George Osborne is apparently going to announce today that 260,000 2 year olds will be allocated nursery places, especially targetted at deprived areas. This sounds like it will result in children in poorer homes being given great education (a whole extra year at school!) and impoverished parents being able to get back into employment earlier.
But will it work? I can see there’ll be a benefit for parents already back at work – they’ll bear less of their childcare costs. And childcare may look more affordable for someone getting a full time job. But in our parish, I can’t see many full time jobs available and barely any of those part time jobs that someone could do in between dropping a child at nursery and returning to collect them 3 hours later. One friend would love to work during the school day (and year) but very few jobs are that flexible, unless they’re in a school. So perhaps that’s the government’s plan – employ all those unemployed parents in the nurseries that will be expanding.
It’ll be a good break for some knackered (mainly) mums but then it supplies the message that a 2 year old is better off in the hands of a government run nursery than at home and out and about with their family. I think that this was what the communists did. Aren’t we heading for the ultimate Nanny State? Am I missing something, or is this just something that the Chancellor is announcing to deflect attention from the horrors of the economy? I note that it’s been used as the headline in the online Telegraph site and doesn’t seem to be mentioned in the Guardian. Hmmmm.
My daughter works or a government funded nursery, she has a room of 16 under 3’s, some of whom are with her from 8 am to 6 pm. Some cry a lot, she does her best to give them the attention that they need. She informs their parents on their development, as they often miss the “firsts”. She is very fond of those in her care ,even the more challenging. But she feels that they would be better off at home,for their emotional and physical development.
What is so wrong with Mothers (or Fathers)being paid the same as a Child Minder, to enable them to stay at home, at least until the child is at School. Why is parenting seen as unimportant these days?Just a few years of nuturing and stability would make all the difference. Do we need so many material things ,surely our childrens’ needs should come first. Can we then castigate Young people for bad behaviour later on?
Our 2.8 year old knows the meanings of ‘Wondering’, ‘Sycamore’, ‘Nocturnal’, ‘Tutu’, ‘Thinking’… to name just a handful, as well as being able to recognise a number of different trees by their leaves. No nursery place here… neither would we want one, we just talk to our children as do all the members of the family expanding their experience and language daily. How can a millionaire cabinet minister (aren’t they all?) know what we need? Certainly not this ‘smoke screen’. Thinks… must teach Ivy the meaning of ‘smoke screen’ (!)
I think it’s a great idea…but then I had no choice to be put into a nursery that young because my father had to work, otherwise we wouldn’t have been provided for. I don’t think it sends the message that a child is better off in a nursery, surely it’s just providing an alternative?
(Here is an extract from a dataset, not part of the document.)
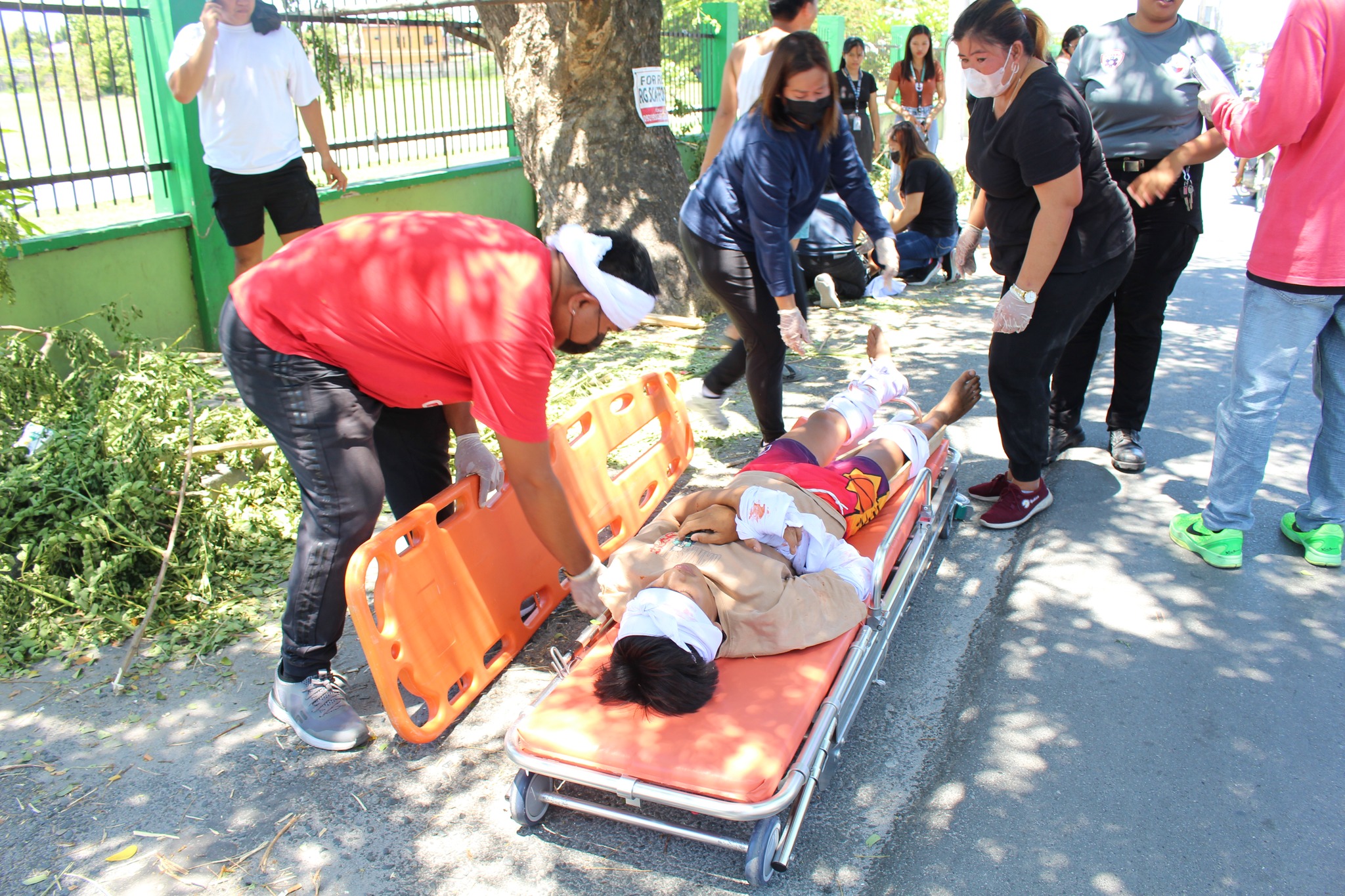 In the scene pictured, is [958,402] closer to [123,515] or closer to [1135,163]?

I’ve done the whole range over three kids – gone back full-time using a childminder; staying home; and using sessional nursery/creche/preschool care while working from home. Whatever provision there is, kids still get sick at very short notice, so one parent has to be able to stay home at the drop of a hat. There’s not many places that want you to send a sick child. My first got chicken pox aged 3 when I was working full-time, and was quarantined for two weeks. My work made me use my precious annual leave! Then there’s other things — my son started having knee dislocations at age 14, when I thought he was getting independent. Six dislocations and two operations in the next 3 years meant I was driving him to school and picking him up (while he was on crutches for long spells) — as well as ferrying him to endless physio appointments. I don’t know how anyone could keep working full-time in that sort of scenario?